Whitfield had other hits in the 1950s, and was the most successful British male singer in America during that period. In addition, he was the first British male vocalist to earn a gold disc and the third overall. He was also the first to reach the Top Ten of the Billboard Top 100, and the first artist from Britain to sell over a million copies of a record in the US.

All of his hits were released by the Decca record label in the UK. His only album to reach the UK Albums Chart was The World of David Whitfield, which reached Number 19. He used orchestras, including those of Stanley Black, fellow Decca artist Mantovani and Roland Shaw, as backing accompaniment for said hits.

His most popular recordings were:
 "Answer Me" – his first UK chart topper.
 "Cara Mia" – with Mantovani which earned him that gold disc and gave him his second Number One in the UK Singles Chart.
 "My September Love".
 "I'll Find You" – the theme music to the 1957 film, Sea Wife, starring Joan Collins and Richard Burton.
 "William Tell" – the theme music to the TV series, The Adventures of William Tell.

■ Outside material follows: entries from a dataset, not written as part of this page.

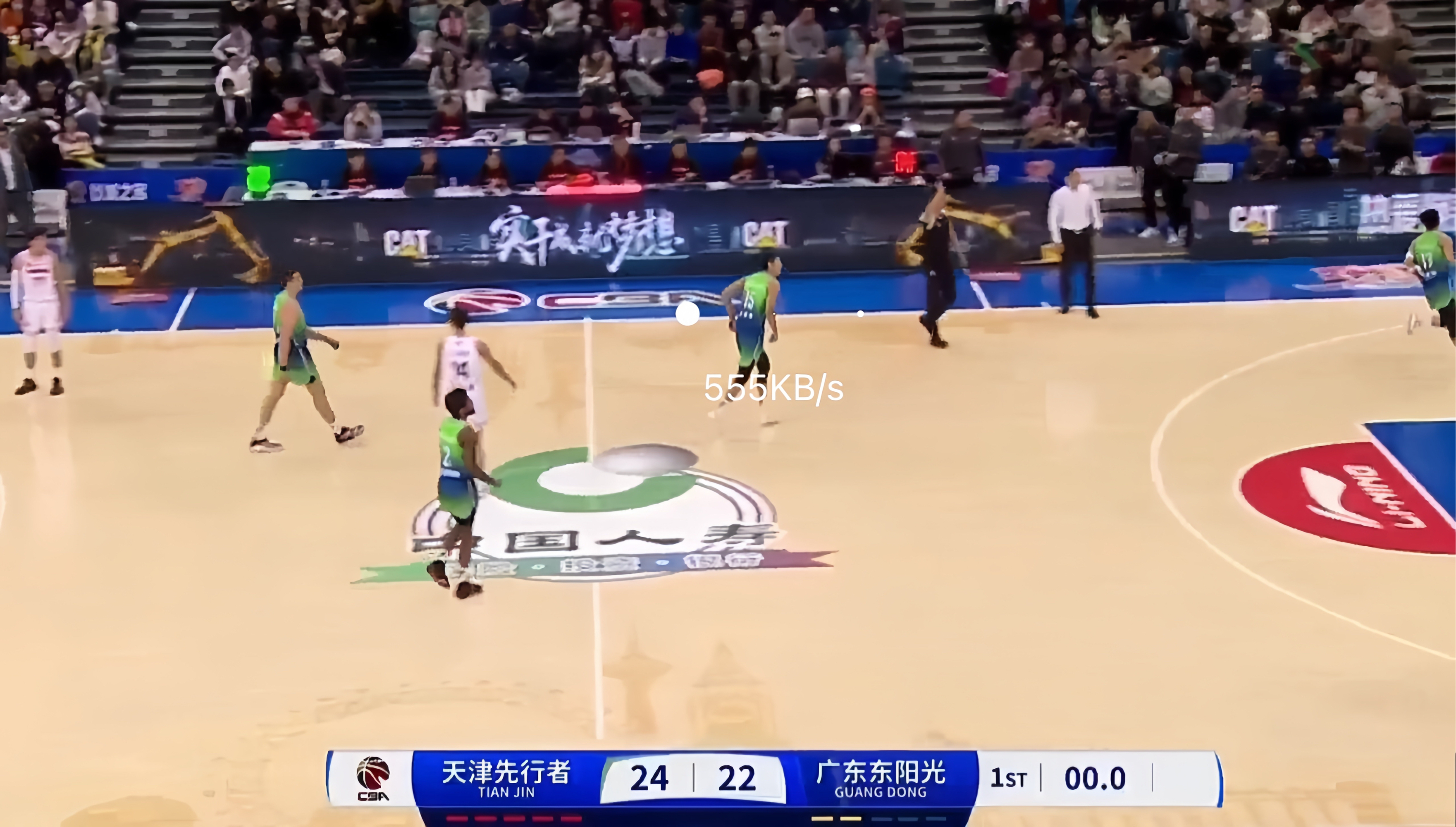 包含竞技篮球锦标赛紧张开幕精彩对决持续发生的词条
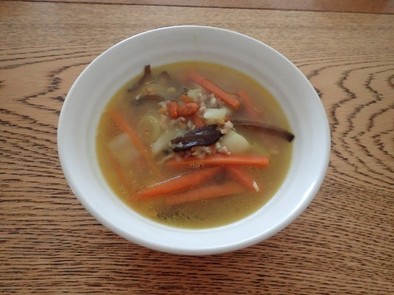 中華風　薬膳スープの写真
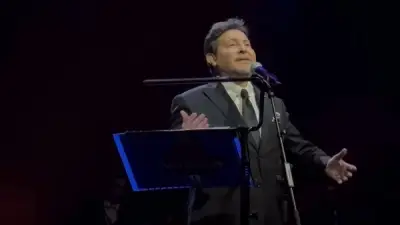 محمد ثروت ينعي هاني شاكر: فقدنا صوتًا استثنائيًا وإنسانًا نقيًا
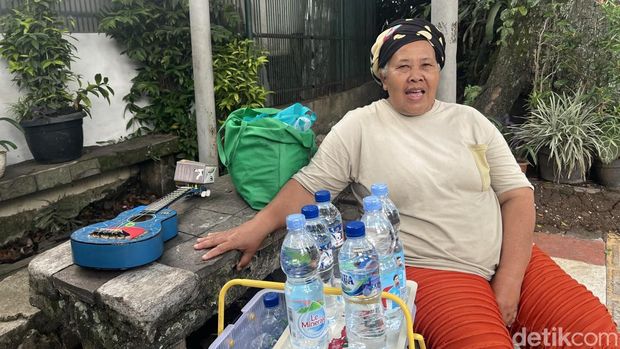 Unasih pengamen berukelele di Kota Bandung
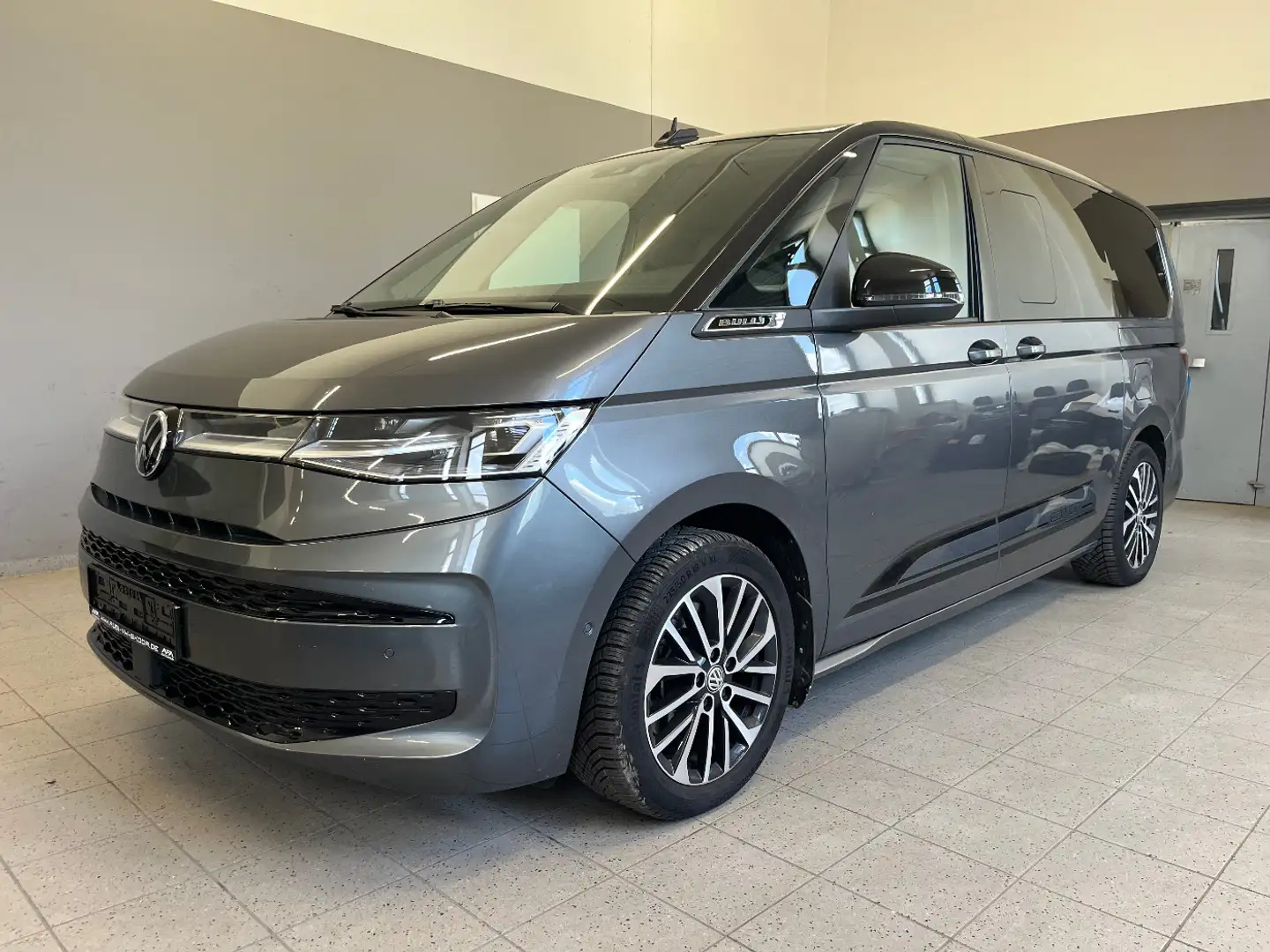 Volkswagen T7 Multivan 2.0 TDI Edition lang DSG LED*Navi*AHK Grau - 2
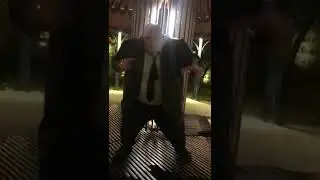 Стас Барецкий танцует не по детски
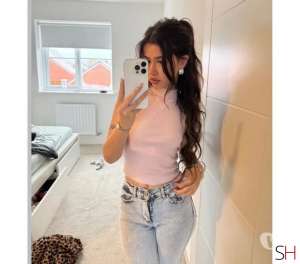 24 year old Latino Escort in South Gloucestershire . Lady for Discreet and Relaxed Moments., Independent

"Cara Mia" spent ten weeks at the pole position in the UK, making it one of the biggest selling British records in the pre-rock days. That recording co-credits Mantovani and his Orchestra and Chorus. Whitfield appeared on The Ed Sullivan Show and the 1954 Royal Command Performance. He continued to perform regularly across the globe, while living in Hull in the UK.

Many of his singles were issued on LP and have been reissued in recent years on CD compilations under licence. There were three 45rpm EP specials (1959–60), one entitled "The Good Old Songs" and the other two featuring numbers from "Rose Marie" and "The Desert Song," two musical shows in which Whitfield toured. On leaving Decca he recorded two singles for HMV (1962–63). His last LP, made for Philips in 1975 and entitled Hey There! It's David Whitfield, included his third recording of "Cara Mia" (he had already recorded a stereo re-make for Decca in 1966 for an album entitled Great Songs for Young Lovers). Whitfield's last single was for Denman, a coupling of "Land of Hope and Glory" and "When You Lose the One You Love" (1977).

He died from a brain haemorrhage in Sydney, Australia, while on tour at the age of 54.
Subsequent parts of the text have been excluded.